In our culture of self-promotion, it has become difficult to determine how to rightly glorify (or publicize) the life and ongoing work of Jesus in our lives. Here’s what the apostle Paul said about our part in building a spiritual legacy that pleases God:
According to the grace of God given to me, like a skilled master builder I laid a foundation, and someone else is building upon it. Let each one take care how he builds upon it. For no one can lay a foundation other than that which is laid, which is Jesus Christ. Now if anyone builds on the foundation with gold, silver, precious stones, wood, hay, straw— each one’s work will become manifest, for the Day will disclose it, because it will be revealed by fire, and the fire will test what sort of work each one has done.
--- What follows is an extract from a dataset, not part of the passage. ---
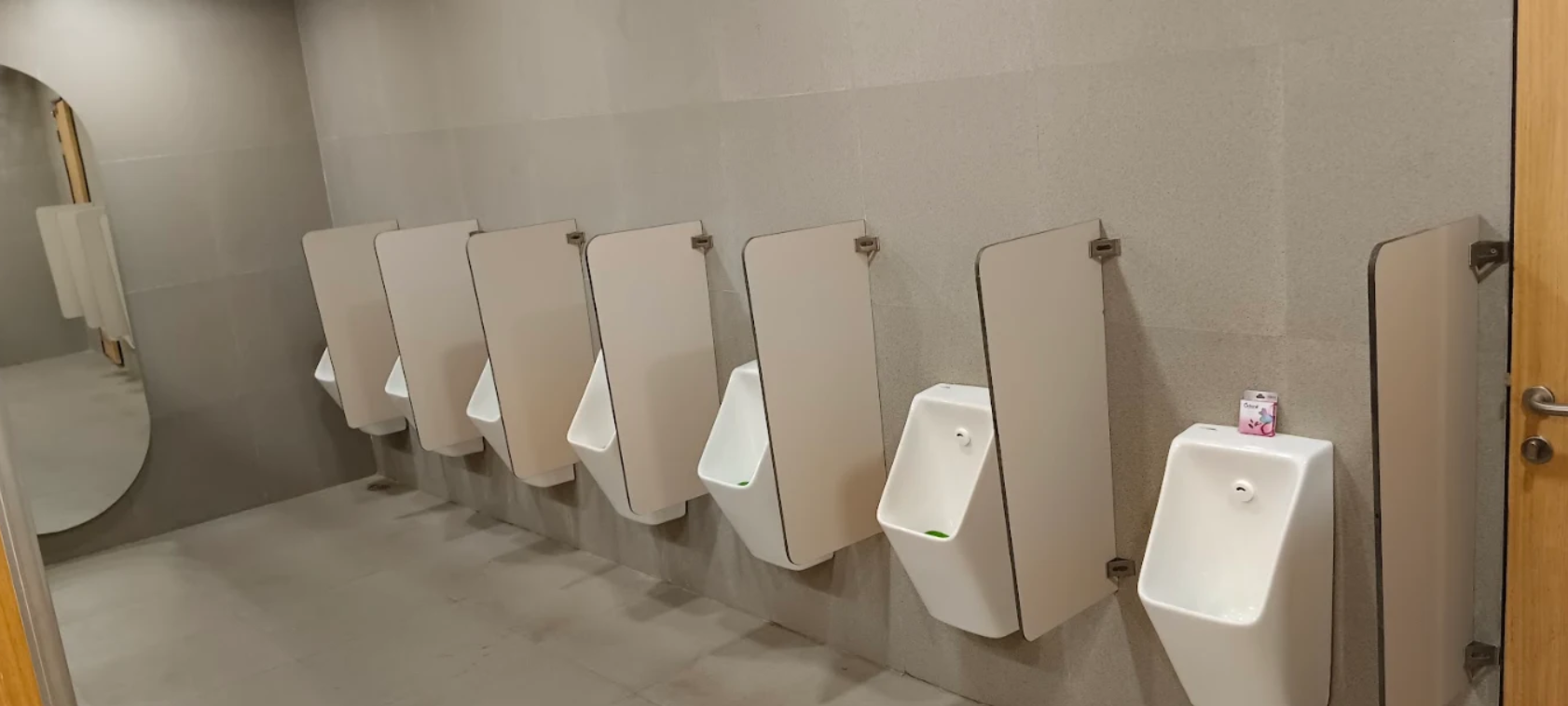 Sanitary Fixtures Photo 2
If the work that anyone has built on the foundation survives, he will receive a reward. If anyone’s work is burned up, he will suffer loss, though he himself will be saved, but only as through fire.
1 Corinthians 3:10-15 ESV
This passage is sobering. Like Paul, we rightly want to see as many people enter the Kingdom of God as possible. But, like the Corinthians, we might be tempted to think that reducing entry into the kingdom to a brief “sinners prayer”, then hastily lowering the bar for obedience with such phrases as “we are all broken people”, will build his Kingdom at warp speed.
Paul indicates that “each one’s work will become manifest, for the Day will disclose it, because it will be revealed by fire, and the fire will test what sort of work each one has done.” This paints a picture of the test each of us will face regarding our approach to obedience. The building materials “gold, silver, precious stones” indicate the quality God is aiming for as he gives us materials to build his Kingdom on earth as it is in heaven. The term “the Day” refers to God’s end-time judgment of the work we do in this life.
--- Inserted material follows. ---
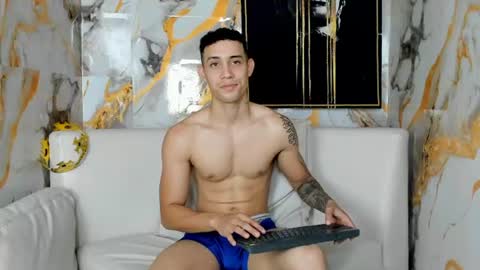 dominyck_ online show from August 8, 5:29 am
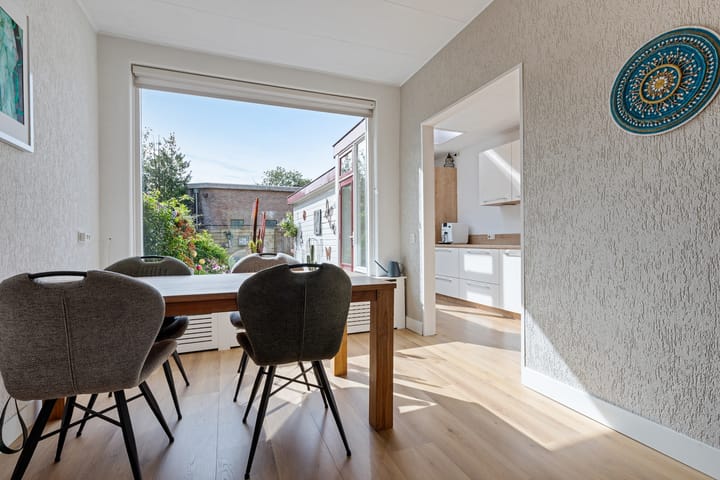 Photo 14 of Emmastraat 9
If we adopt a cavalier attitude toward obedience to God’s word and his ways, and teach others to do the same, we will still enjoy an eternity with God, but will not have the heavenly rewards he wants us to have. Paul doesn’t elaborate on those rewards, but indicates we don’t want to miss them. He also emphasizes a fire ceremony is reserved for flammable works of “wood, hay, straw” – likely, sinful or useless/marginal attitudes and behaviors that some of the Corinthian believers were permitting in their lives.
Take another look at the classic children’s story of The Three Little Pigs and think about what kind of building materials are available to you and how God wants you to use them.